Dix fois moins de C02

Mais « le vrai souci c’est le coût de l’énergie », a ajouté Yann Martinet directeur général de La Coopération agricole-Luzerne. Le prix du baril a presque doublé en un an (+85 %), passant à New York de 46 $ à 85 $ le baril. « Certains experts estiment qu’il pourrait atteindre 150 $ en 2023 », s’est-il inquiété parlant d’une hausse « hors-norme ». Il est tout aussi alarmé de l’augmentation du prix du gaz qui grève les coûts de déshydratation.
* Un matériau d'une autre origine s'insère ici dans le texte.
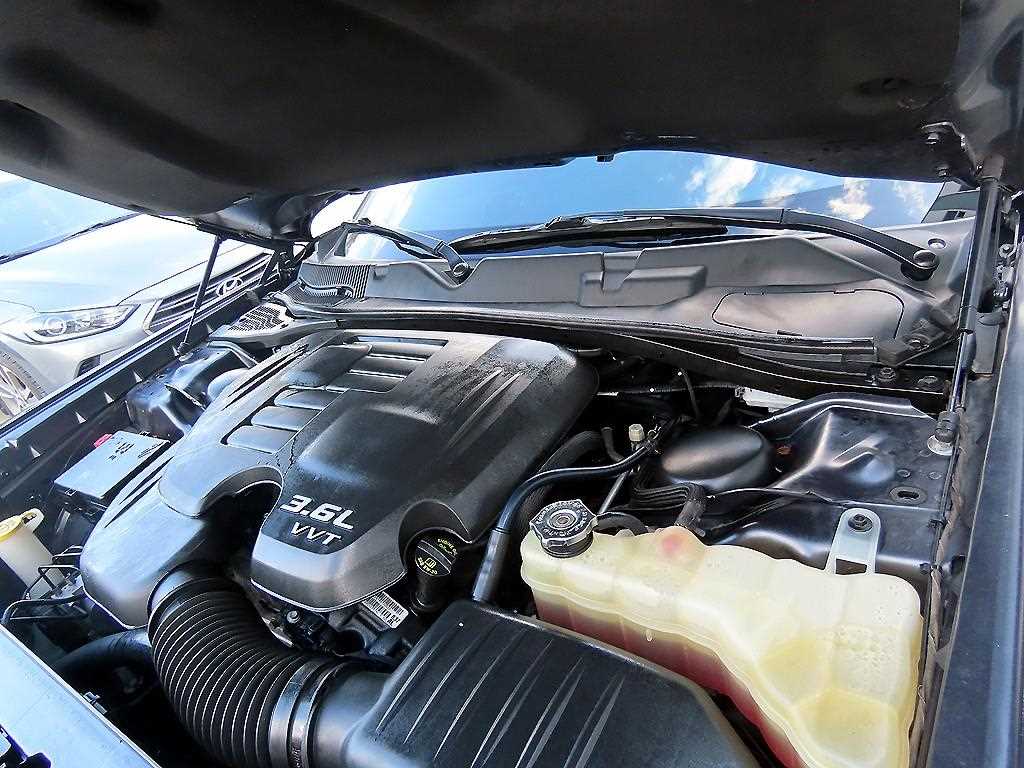 DODGE Challenger 2018 Gris - Importación desde Corea - HF Imports Iquique - Foto 17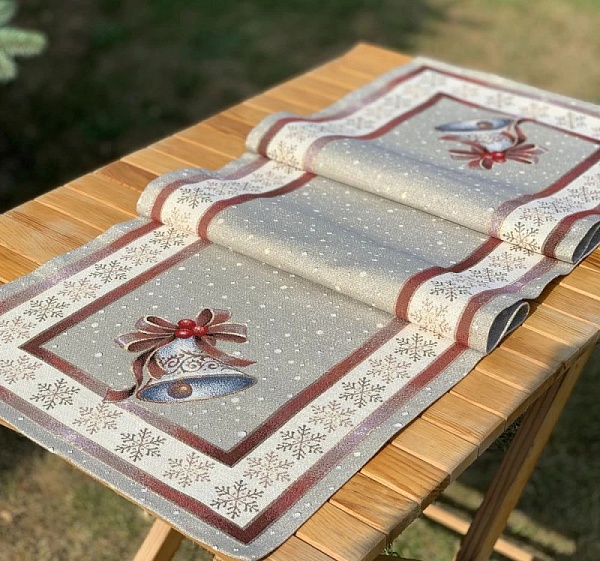 Дорожка 44 х 140 см Le Gobelin Новогодний вечер Колокольчик бежевая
C’est pourquoi la filière a lancé en mars 2021 sa stratégie Luzerne 2026. Objectif : que toute la filière contribue à la lutte contre le changement climatique : « d’ici 2026, nous avons l’ambition de diminuer nos émissions de gaz à effet de serre de 90 % par rapport à l’année 2005 », grâce à la technique du préfanage à plat mais aussi à l’incorporation de biomasse dans les instruments de séchage. C’est ainsi que de nombreuses usines utilisent aujourd’hui des plaquettes de bois forestiers qui ne sont pas valorisables autrement qu’en bois de chauffage et qui remplacent le charbon. « Notre mix énergétique nous permet d’être plus efficaces. Quand nous émettions 0,760 tonne de CO2 pour sécher une tonne de luzerne en 2005, nous n’émettrons plus que 0,078 t de CO2 en 2025, soit presque dix fois moins », a souligné Yann Martinet.